**What is required**
Look below for the line containing "Wakil Bupati Minahasa, Vanda" and the line containing "FOTO: JANNE FORSBY"; repeat exactly those two lines and all lines between them, and nothing else.

**Data extracts**
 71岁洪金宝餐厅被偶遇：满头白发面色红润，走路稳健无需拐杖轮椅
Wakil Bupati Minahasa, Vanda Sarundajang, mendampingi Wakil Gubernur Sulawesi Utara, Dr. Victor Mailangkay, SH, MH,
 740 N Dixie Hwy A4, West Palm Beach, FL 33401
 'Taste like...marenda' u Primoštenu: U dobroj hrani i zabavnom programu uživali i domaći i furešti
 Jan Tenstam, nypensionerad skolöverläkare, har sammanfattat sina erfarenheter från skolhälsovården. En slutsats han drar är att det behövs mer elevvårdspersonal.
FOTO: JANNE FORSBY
==
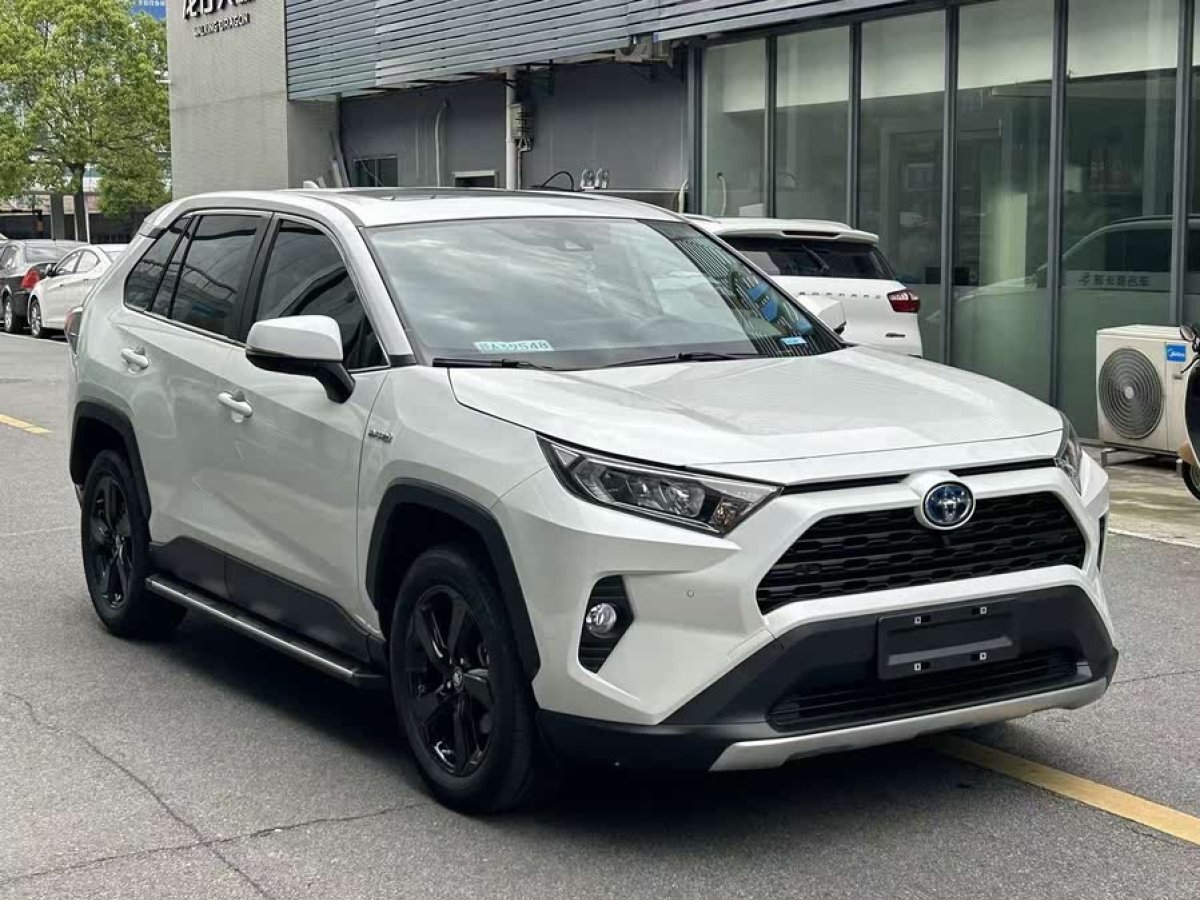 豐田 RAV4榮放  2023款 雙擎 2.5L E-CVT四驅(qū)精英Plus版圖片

**Solution below**
Wakil Bupati Minahasa, Vanda Sarundajang, mendampingi Wakil Gubernur Sulawesi Utara, Dr. Victor Mailangkay, SH, MH,
 740 N Dixie Hwy A4, West Palm Beach, FL 33401
 'Taste like...marenda' u Primoštenu: U dobroj hrani i zabavnom programu uživali i domaći i furešti
 Jan Tenstam, nypensionerad skolöverläkare, har sammanfattat sina erfarenheter från skolhälsovården. En slutsats han drar är att det behövs mer elevvårdspersonal.
FOTO: JANNE FORSBY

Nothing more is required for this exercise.